With Skyring’s blessing to continue The Grates without her, Patience Hodgson and John Patterson are now writing as a duo and performing with a rotation of bassists and drummers. They are back in Australia to release their latest LP, Secret Rituals, and show off their steady yet striking, NY-driven evolution since 2008’s Teeth Lost, Heart Won.

‘We’ve always really loved touring America and we wanted to go over there and have a base to tour out of for a little bit,’ explains Patterson. ‘It seemed like Brooklyn was cheaper than Manhattan and we’d have a great time there so that’s why we chose it. But then we ended up falling in love with it.

‘A cool thing about America is that there’s always a great show on every night if you want to go out. I think it’s just big…New York state’s almost the size of the whole of Australia in population so there’s always a lot going on.

‘Where we used to rehearse, we shared it probably with 40 different bands and about 50 different visual artists all in the same building. When you arrive to rehearse, there’s all these other people arriving to work on their art and I think that’s kind of inspiring. Also that the city’s so big and keeps going on whether you’re there or not, so I think there’s this drive to contribute to the culture a little bit. I think subconsciously, you feel that.

‘There’s so many options available over there and you see there’s so many things you can do with your life, I think it helped me and Patience really focus on the band and then Alana wanted to do something else. It kind of made sense. We took a big chance going to New York anyway, just changing our lives up so much, so something was bound to happen.

Having often been termed a “cute” band, due to the colourful outfits they often donned for photo shoots and their kitschy clips, Secret Rituals shows a distinct departure from this identity. The video clip to lead single, ‘Turn Me On’, is more film noir and dismemberment than dainty frolics and farm animals, and the result is a piece of art in itself, both eerie and rather beautiful.

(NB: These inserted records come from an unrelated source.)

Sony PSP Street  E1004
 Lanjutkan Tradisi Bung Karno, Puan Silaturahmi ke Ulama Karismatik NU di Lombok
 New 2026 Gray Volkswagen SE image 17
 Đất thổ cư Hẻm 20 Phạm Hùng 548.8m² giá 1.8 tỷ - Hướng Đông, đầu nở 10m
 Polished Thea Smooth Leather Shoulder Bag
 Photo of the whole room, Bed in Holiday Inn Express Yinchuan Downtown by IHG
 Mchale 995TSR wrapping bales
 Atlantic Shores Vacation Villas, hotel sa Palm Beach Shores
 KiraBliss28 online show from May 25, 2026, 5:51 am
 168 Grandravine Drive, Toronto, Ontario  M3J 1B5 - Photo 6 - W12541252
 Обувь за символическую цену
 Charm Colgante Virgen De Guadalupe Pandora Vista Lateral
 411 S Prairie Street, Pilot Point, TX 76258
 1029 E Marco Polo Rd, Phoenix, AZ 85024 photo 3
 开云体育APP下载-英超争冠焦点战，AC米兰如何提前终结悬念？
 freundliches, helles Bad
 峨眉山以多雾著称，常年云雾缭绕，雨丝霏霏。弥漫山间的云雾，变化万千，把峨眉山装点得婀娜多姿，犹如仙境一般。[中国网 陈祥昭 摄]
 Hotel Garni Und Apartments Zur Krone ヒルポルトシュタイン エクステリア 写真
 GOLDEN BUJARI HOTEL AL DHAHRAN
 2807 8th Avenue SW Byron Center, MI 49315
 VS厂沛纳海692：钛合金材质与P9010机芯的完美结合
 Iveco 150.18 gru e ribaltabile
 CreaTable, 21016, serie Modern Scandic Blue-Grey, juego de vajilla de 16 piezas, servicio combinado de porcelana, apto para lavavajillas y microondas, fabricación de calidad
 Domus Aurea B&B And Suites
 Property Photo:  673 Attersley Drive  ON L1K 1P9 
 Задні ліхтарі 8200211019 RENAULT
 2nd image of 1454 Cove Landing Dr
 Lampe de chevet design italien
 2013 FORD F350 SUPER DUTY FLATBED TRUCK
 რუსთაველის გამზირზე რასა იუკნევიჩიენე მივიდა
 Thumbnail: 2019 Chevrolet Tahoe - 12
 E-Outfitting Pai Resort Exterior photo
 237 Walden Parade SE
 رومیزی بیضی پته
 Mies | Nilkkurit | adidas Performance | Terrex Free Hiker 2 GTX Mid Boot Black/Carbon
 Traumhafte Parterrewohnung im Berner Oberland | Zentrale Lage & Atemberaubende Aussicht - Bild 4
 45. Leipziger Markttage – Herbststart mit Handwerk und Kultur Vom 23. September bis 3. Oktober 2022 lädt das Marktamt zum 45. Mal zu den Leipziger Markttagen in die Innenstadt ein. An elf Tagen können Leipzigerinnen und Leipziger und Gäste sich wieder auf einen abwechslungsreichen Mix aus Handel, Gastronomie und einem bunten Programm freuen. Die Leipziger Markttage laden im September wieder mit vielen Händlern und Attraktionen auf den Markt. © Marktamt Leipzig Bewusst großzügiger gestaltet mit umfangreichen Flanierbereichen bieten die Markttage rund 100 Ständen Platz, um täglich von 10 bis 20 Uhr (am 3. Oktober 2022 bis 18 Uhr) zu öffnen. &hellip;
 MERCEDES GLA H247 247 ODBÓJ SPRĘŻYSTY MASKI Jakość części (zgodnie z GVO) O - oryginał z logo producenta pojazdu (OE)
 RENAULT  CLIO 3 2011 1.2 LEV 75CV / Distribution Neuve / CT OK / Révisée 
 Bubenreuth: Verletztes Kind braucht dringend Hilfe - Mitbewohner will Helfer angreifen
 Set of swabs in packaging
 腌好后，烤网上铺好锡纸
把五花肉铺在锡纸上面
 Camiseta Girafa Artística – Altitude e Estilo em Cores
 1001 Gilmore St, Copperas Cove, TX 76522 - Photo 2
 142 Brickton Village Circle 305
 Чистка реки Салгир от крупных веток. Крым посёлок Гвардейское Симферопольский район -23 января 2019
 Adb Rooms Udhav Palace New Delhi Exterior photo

It’s more, well, grown up.

‘I think we wanted to do something that felt a bit more like an evolution on what we were doing,’ says Patterson of the clip. ‘[You] get bored of trying to make something really really crazy…even though it ended up being kind of crazy, we were trying to hone it in. Make it more focused.’

Following Skyring’s departure, the remaining two members recruited Brooklyn-based Ben Marshall to drum over their demos and also decided to include the ol’ bass in their songs for the first time.

‘It feels so different having that extra element driving the songs along. I don’t think many people have heard the album yet but I think, just from the first song, it seems really positive,’ Patterson states enthusiastically, referring to the positive reception and copious airplay they’ve already received for ‘Turn Me On’ ahead of the album release. But that’s not to say that he never had any doubts about moving forward with Hodgson.

‘I wondered whether we should’ve been The Grates or start something new…but I still wanted to make music and we just decided that we were still The Grates. We still felt like The Grates.’

And if you’re looking for insider tips as to the album’s best tracks, you can take cue from Patterson himself:

‘‘Change’ and ‘Like you could have it all’…I just like how it’s slow and sludgy and how fuzzy they are, and getting to do lots of weird guitar layered distortion and stuff like that. And ‘Turn Me On’ just came together so easy and so quickly that it just felt like it was a breath of fresh air to us.’